The lead signature on the petition was from Stephen Schroeder, owner of the Nob Hill Music store on Central Avenue in Nob Hill. Schroeder wasn’t immediately available for comment.
Davis told ABQ Free Press that he thought the effort to remove him was “a little premature” because the federal government has yet to approve the project, which would involve $80 million in federal and $20 million of city money.
“I see my role as being an honest broker between the people who have honest concerns and connecting them with the people [who are planning] the project,” Davis said. “If the federal government approves the proposal next month then I will have a chance to vote at the council to see if they have done an adequate job.”
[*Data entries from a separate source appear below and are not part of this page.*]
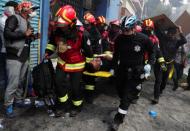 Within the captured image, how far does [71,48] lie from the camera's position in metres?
5.02

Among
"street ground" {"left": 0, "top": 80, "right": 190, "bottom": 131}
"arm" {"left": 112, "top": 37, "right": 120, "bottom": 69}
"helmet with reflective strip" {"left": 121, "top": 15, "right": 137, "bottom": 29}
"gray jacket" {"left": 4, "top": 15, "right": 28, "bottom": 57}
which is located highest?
"helmet with reflective strip" {"left": 121, "top": 15, "right": 137, "bottom": 29}

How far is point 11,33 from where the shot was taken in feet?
15.3

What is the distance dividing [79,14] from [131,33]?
664 centimetres

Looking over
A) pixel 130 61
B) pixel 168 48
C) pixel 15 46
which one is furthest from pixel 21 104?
pixel 168 48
Berry’s BRT proposal would basically shut down two lanes of auto traffic in each direction along a 10-mile strip of Central between Louisiana and Atricso Boulevards and dedicate those lanes to the rapid transit buses. Many business owners along the route have complained that limiting vehicular traffic on Central would kill their businesses. They’ve also said the proposal would make it nearly impossible for motorists to make left hand turns off Central onto side streets.
Berry has claimed that the project would help revitalize Central and bring new investment into the area.
Opponents of Berry’s plan say the city already has rapid transit along Central in the form of the Rapid Ride buses. Central also has regular bus service, opponents say.
Davis said the recall petition would have to go to a District Court judge who would have to rule if it indeed articulates legal grounds for removal. If a judge decides it does, then Schroeder and the others would have to get about 1,500 petition signatures from registered voters in the district to put the matter on the ballot.
Davis won a three-way election for the seat in October. He got 2,894 votes, or 67.4 percent of all votes cast.